But as construction began in September 1929, just one month before the stock market crash on October 24, work on the Carew Tower was scaled back from what they originally intended. The grand details - architectural motifs, friezes, and decorative metal – were stopped at the third floor, and plain bricks were used on the floors above. Times were hard.
It was ready in early 1931 – construction took thirteen months, working around the clock, twenty-four hours a day. And it cost thirty-three million dollars, in 1931 dollars.
These days it's mixed tenants – a shopping mall, the Netherland Plaza Hotel, and offices – but the Palm Court, the former lobby of the hotel, and now the restaurant, is described by the hotel as the "finest example of French Art Deco architecture in the world" – most of the decorative work had been created in France several years prior to construction and exhibited at the 1925 Exhibition of Decorative Art in Paris. And the whole place simply reeks of Jazz Age exuberance, and the Babbitt-like glorification of industry and progress.

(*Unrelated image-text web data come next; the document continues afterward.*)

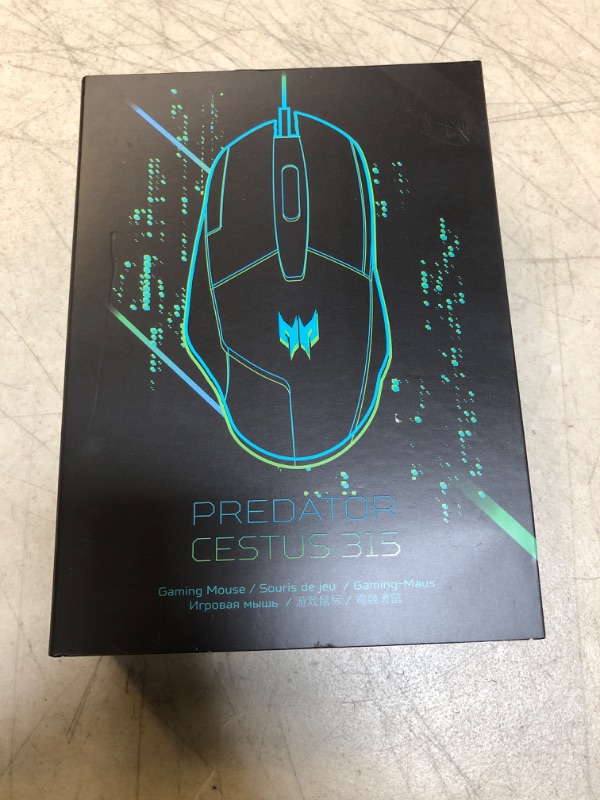 Photo 2 of Acer Predator Cestus 315 Gaming Mouse with PixArt Sensor, Adjustable DPI & 8 Buttons Including Burst Fire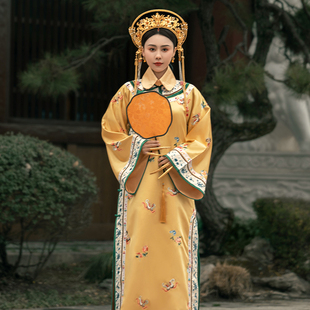 清朝后宫皇后朝服清宫故宫摄影妃子格格造型影楼写真佃帽头饰服装
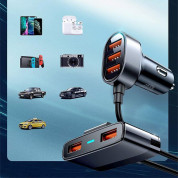 Joyroom Multi 5 Port USB-A Car Charger 31W - зарядно за кола с 5xUSB-A порта за смартфони, таблети и мобилни устройства (черен) 4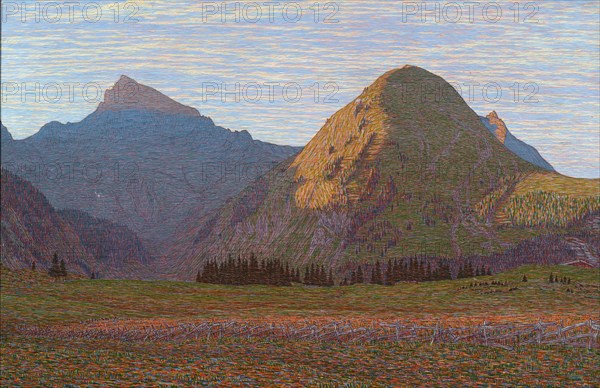 L'Aube au Praz-de-Lys, 1901. Creator: Perrier, Alexandre (1862-1936).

All that came crashing down on October 24, 1929, when the markets crashed and the Great Depression got underway – but work had begun the month before, so they finished it pretty much as planned. It's a place of lost dreams, with sculpture on the exterior and interior of the building executed by New York architectural sculptor Rene Paul Chambellan, and gorgeous local Rookwood Pottery floral tile, and the art deco detailing straight from Paris.
This is what is left of the Jazz Age.